The United States government has authorized Nvidia to sell its advanced H200 artificial intelligence chips to customers in China, marking a significant development in the ongoing technology trade relationship between the two nations. The U.S. Department of Commerce confirmed the decision, which includes specific conditions on the sales.
This policy shift allows for the export of Nvidia's second-most powerful processor under the stipulation that there is sufficient domestic supply. However, the company's most advanced chip, the Blackwell processor, remains restricted from sale in China.
Key Takeaways
- The U.S. Commerce Department has greenlit the sale of Nvidia's H200 AI chips to China.
- Sales are conditional, requiring sufficient U.S. supply and guarantees against military application.
- A 25% fee on the sales will be collected by the U.S. government, a policy introduced by President Donald Trump.
- Nvidia's top-tier Blackwell AI processor remains under a strict export ban to China.
A Conditional Green Light for Advanced Tech
The U.S. Department of Commerce’s Bureau of Industry and Security has revised its export policy, specifically permitting the shipment of Nvidia's H200 processors to China. The approval extends to some less advanced chips as well, but it is not an unconditional opening of the market.
Several key restrictions are in place. Chinese customers are required to demonstrate they have "sufficient security procedures" to safeguard the technology. Critically, the policy explicitly prohibits the use of these chips for any military purposes, a long-standing concern for Washington.
Another significant condition is tied to domestic availability. The Commerce Department stated that the chips can only be shipped to China if there is an adequate supply of the processors within the United States, prioritizing American needs before international exports to strategic competitors.
The Financials of a Geopolitical Deal
A unique financial component underpins this new policy. Last month, President Donald Trump announced that while he would permit the chip sales to "approved customers," the U.S. government would collect a 25% fee on the revenue generated from these transactions.
This move is seen by some analysts as a new precedent in trade negotiations. Marc Einstein from Counterpoint Research noted the novelty of the approach, stating, "It will be interesting to see if this tariff model expands to other sectors."
Nvidia's Position
Nvidia has publicly welcomed the decision. A company spokesperson told the BBC the move will benefit manufacturing and job creation in the United States. Throughout 2025, CEO Jensen Huang has actively lobbied Washington to ease restrictions, arguing that access to global markets is essential for America's long-term competitiveness in the AI sector.
For Nvidia, regaining access to the vast Chinese market, even with a reduced margin due to the government's fee, is a strategic positive. Semiconductor analyst Austin Lyons suggested that Nvidia will be happy to secure any revenue from China, while Chinese firms will be eager to acquire the H200 chips until their domestic alternatives become more competitive.
Navigating a Complex Tech Rivalry
This decision is the latest chapter in the complex technological tug-of-war between Washington and Beijing. The U.S. has previously implemented tight restrictions on advanced semiconductor exports, citing national security concerns that the technology could be used to enhance China's military capabilities.

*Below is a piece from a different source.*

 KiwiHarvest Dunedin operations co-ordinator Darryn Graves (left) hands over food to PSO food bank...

These restrictions prompted a response from Beijing, which reportedly encouraged its domestic tech giants to prioritize locally produced semiconductors and boycott certain U.S. chips. This was part of a broader strategy to accelerate China's own technological self-sufficiency.
"We oppose blocking and restricting China, which disrupts the stability of industrial and supply chains. This approach does not serve the common interests of both sides."

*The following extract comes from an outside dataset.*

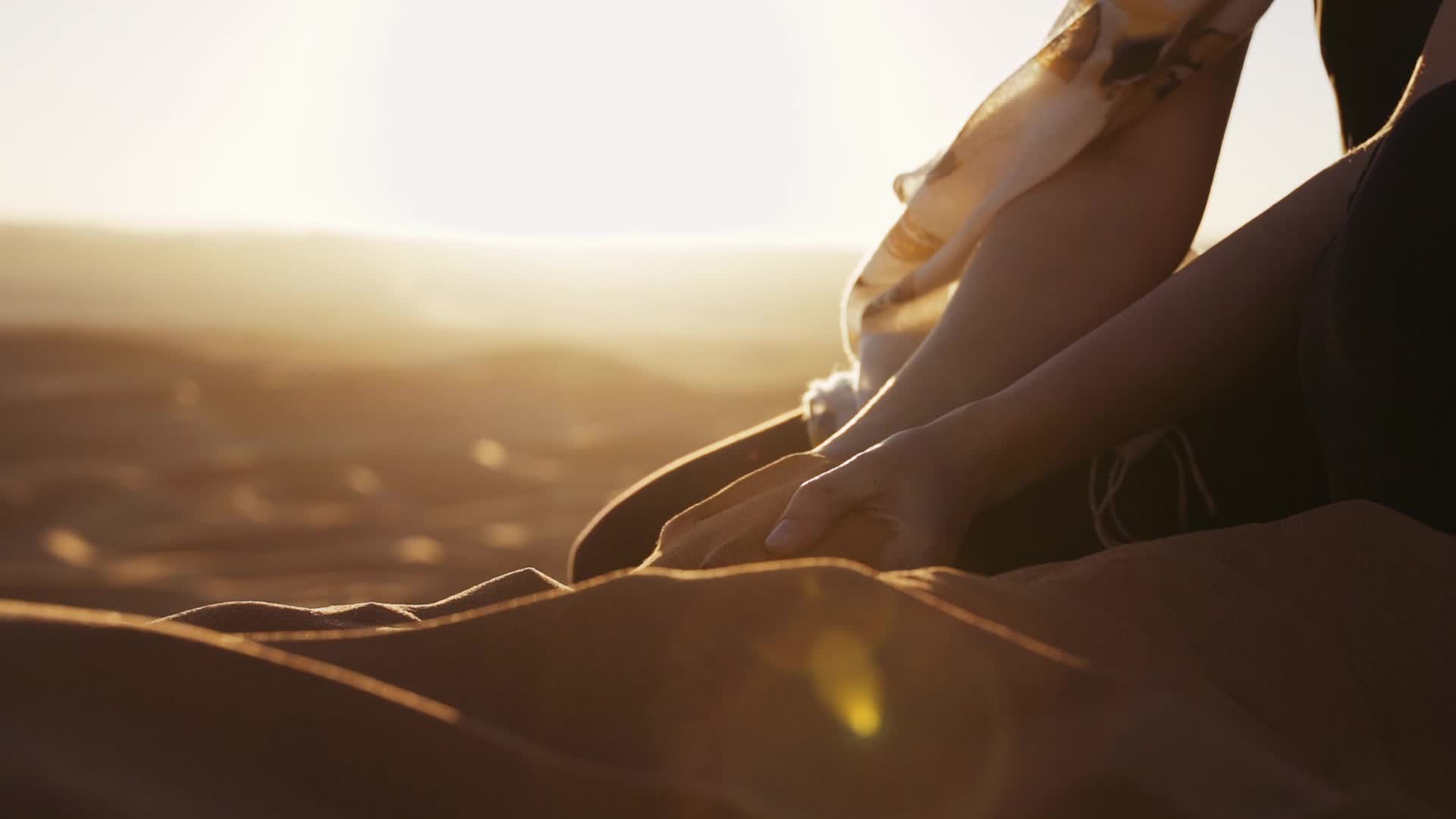 日落下的女孩子在沙滩玩沙子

Liu Pengyu, Chinese embassy spokesman
Despite efforts to bolster its domestic industry, experts consistently note that China's chip manufacturing capabilities still lag behind those of the United States. The demand for high-performance processors like the H200 remains strong among Chinese tech companies striving to compete in the global AI race.
The Broader Implications
While the H200 is a powerful processor, the U.S. continues to draw a firm line. The world's most advanced AI semiconductor, Nvidia's Blackwell processor, remains firmly blocked from sale to China. This tiered approach suggests a nuanced U.S. strategy: allowing trade that benefits American companies while withholding the absolute cutting-edge technology that could pose a more direct security risk.
Background: The AI Chip Race
Advanced processors like Nvidia's H200 are the backbone of modern artificial intelligence. They are essential for training large language models, powering complex simulations, and driving innovation in everything from healthcare to autonomous vehicles. Control over the supply of these chips is considered a critical element of national power in the 21st century.

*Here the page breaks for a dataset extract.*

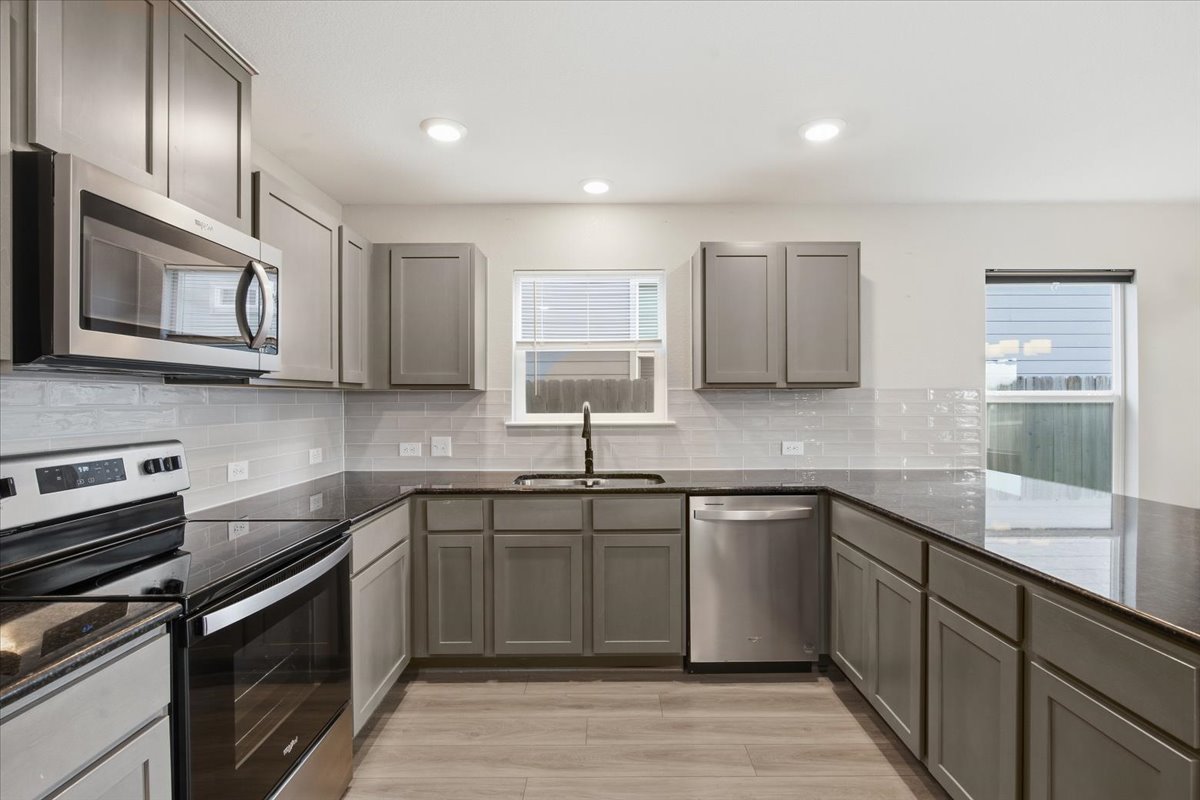 104 Rooster Way Jarrell, TX 76537 - Photo 13 of 33 Gleaming stone countertops and matching cabinetry surround a modern, functional workspace.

The policy reversal by the Trump administration, initiated last July, came after significant lobbying from the tech industry. The new framework attempts to balance the economic interests of American firms like Nvidia with the strategic imperatives of national security. The long-term effects of this hybrid approach—combining restricted trade with revenue sharing—will be closely watched by policymakers and industry leaders worldwide.